First visit to the dentist with your child

Your child’s first visit to the dentist is very important. But when should you take your child to the dentist for the first time and how can you take away your child’s fear?

Sitting in the dentist’s chair for the first time can be a positive experience for your child if you choose the right doctor and the right timing. In addition to the first check-up, the doctor will also inform you about  tooth-friendly nutrition and the  right tooth brushing technique for your child and give you some tips on how to  motivate your child to brush their teeth.

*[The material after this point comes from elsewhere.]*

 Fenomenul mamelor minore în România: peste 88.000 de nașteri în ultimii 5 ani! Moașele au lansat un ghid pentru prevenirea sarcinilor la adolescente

When is the first time to the dentist?

There is actually no fixed time for the first visit to the dentist. In principle, dentists recommend taking the child with you to an appointment from the age of 1.5 years. However, you should not choose an appointment where a complex treatment is due. Most of the time, children cannot understand the situation correctly and are afraid that something will happen to their mum or dad. It is also important that you don’t show any fear yourself in advance. Children sense this and the fear of going to the dentist is passed on in this way. If you have your child with you for one of your examinations, you can show him that everything is safe. Your child can get used to the environment and the dentist may even be able to take a careful look inside your child’s mouth.

If you think everything is fine with your teeth and your child doesn’t have any problems either, you don’t necessarily have to go to the dentist earlier. In any case, pay attention to your child’s teeth, because when the first hole is there, it’s too late! The first visit to the dentist with your child should really be a check-up so that your child leaves the practice free of pain and fear and goes back without any problems. These visits to the dentist should then be made every six months – and regularly.

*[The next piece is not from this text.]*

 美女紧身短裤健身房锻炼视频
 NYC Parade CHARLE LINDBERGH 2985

Find the right dentist for your child

In order to find a suitable dental practice, you can simply ask in your circle of acquaintances. There are certainly already relevant experiences with child-friendly dental practices. The educators in the kindergarten often have good tips ready. Maybe even your dentist is suitable for this? Most dental practices are usually prepared for children. The dentist and his team will do everything to take away your child’s fear. However, if you don’t feel comfortable in the practice, feel free to ask your dentist for a colleague who specializes in pediatric dentistry. There are numerous specialized practices in many larger cities.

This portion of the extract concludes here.